2. Global Workflow Components

The global-workflow is a combination of several components working together to prepare, analyze, produce, and post-process forecast data.

The major components of the system are:

  • Workflow

  • Pre-processing

  • Analysis

  • Forecast

  • Post-processing

  • Verification

The Global Workflow repository contains the workflow and script layers. External components will be checked out as git submodules. All of the submodules of the system reside in their respective repositories on GitHub.

2.1. Component repositories

Components included as submodules:

Note

When running the system in forecast-only mode the Data Assimilation components are not needed and are hence not built.

2.2. External dependencies

2.2.1. Libraries

All the libraries that are needed to run the end to end Global Workflow are built using a package manager. These are served via spack-stack. These libraries are already available on supported NOAA HPC platforms.
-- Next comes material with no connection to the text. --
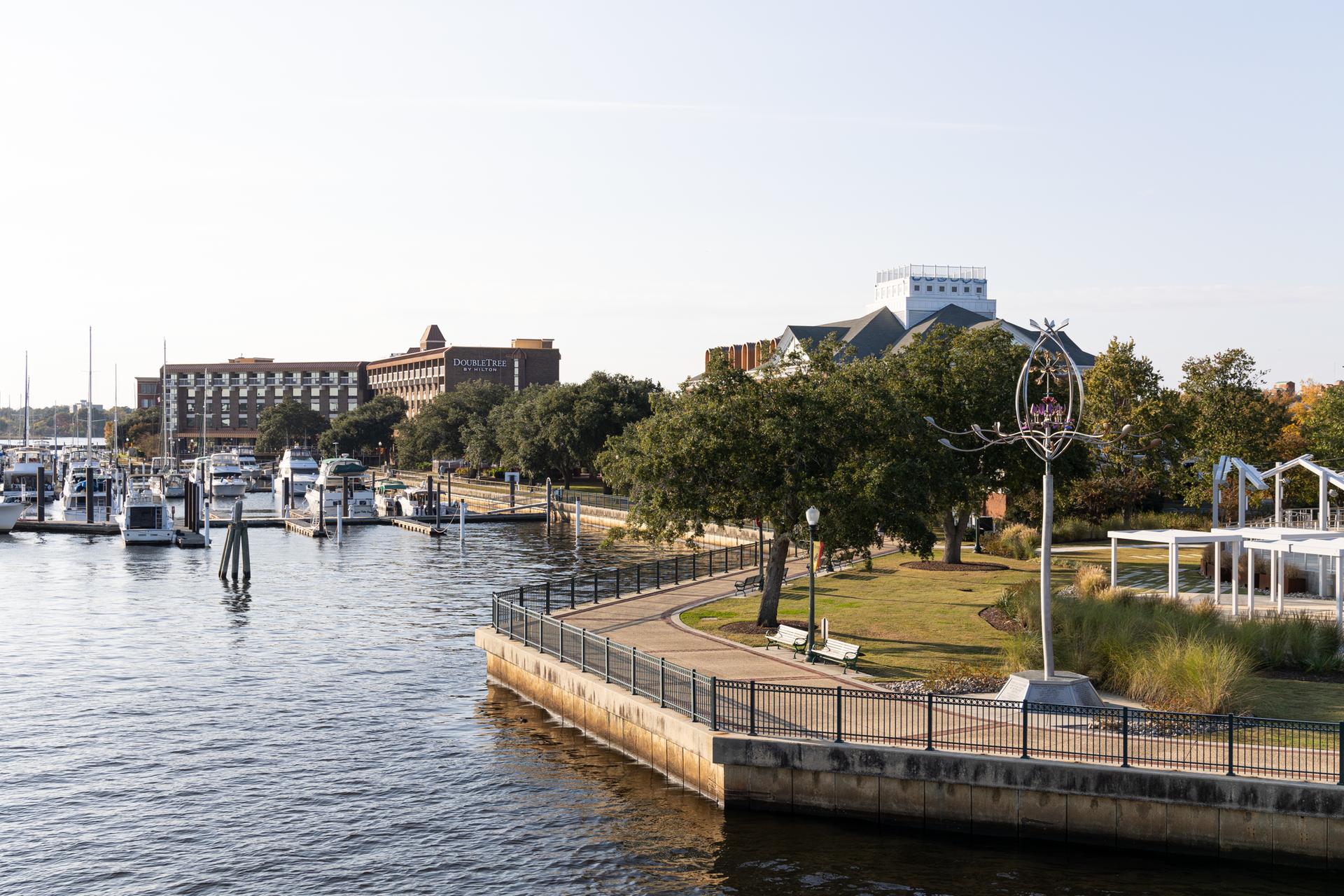 Marina with boats, waterfront path, green park, and buildings under bright sky.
Find information on official installations of spack-stack here:

https://github.com/JCSDA/spack-stack/wiki/Porting-spack-stack-to-a-new-system

2.2.2. Observation data (OBSPROC/prep)

2.2.2.1. Data

Observation data, also known as dump data, is prepared in production and then archived in a global dump archive (GDA) for use by users when running cycled experiments. The GDA (identified as $DMPDIR in the workflow) is available on supported platforms and the workflow system knows where to find the data.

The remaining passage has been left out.